Physical origins of ruled surfaces on the reduced density matrices geometry

TL;DR

This paper investigates the physical origins of ruled surfaces on the geometry of reduced density matrices in quantum many-body systems, revealing they can indicate either symmetry-breaking or gapless phases, with a finite size scaling method to distinguish these origins.

Contribution

It introduces a finite size scaling approach to differentiate ruled surfaces caused by symmetry-breaking from those due to gapless systems in quantum models.

Findings

Ruled surfaces can signal symmetry-breaking or gapless phases.

Finite size scaling effectively distinguishes the origin of ruled surfaces.

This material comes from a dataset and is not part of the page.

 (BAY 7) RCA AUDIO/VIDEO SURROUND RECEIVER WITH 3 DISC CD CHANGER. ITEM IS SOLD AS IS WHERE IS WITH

Application to the two-mode XY model confirms the method's validity.

Abstract

The reduced density matrices (RDMs) of many-body quantum states form a convex set. The boundary of low dimensional projections of this convex set may exhibit nontrivial geometry such as ruled surfaces. In this paper, we study the physical origins of these ruled surfaces for bosonic systems. The emergence of ruled surfaces was recently proposed as signatures of symmetry-breaking phase. We show that, apart from being signatures of symmetry-breaking, ruled surfaces can also be the consequence of gapless quantum systems by demonstrating an explicit example in terms of a two-mode Ising model. Our analysis was largely simplified by the quantum de Finetti's theorem---in the limit of large system size, these RDMs are the convex set of all the symmetric separable states. To distinguish ruled surfaces originated from gapless systems from those caused by symmetry-breaking, we propose to use the finite size scaling method for the corresponding geometry. This method is then applied to the two-mode XY model, successfully identifying a ruled surface as the consequence of gapless systems.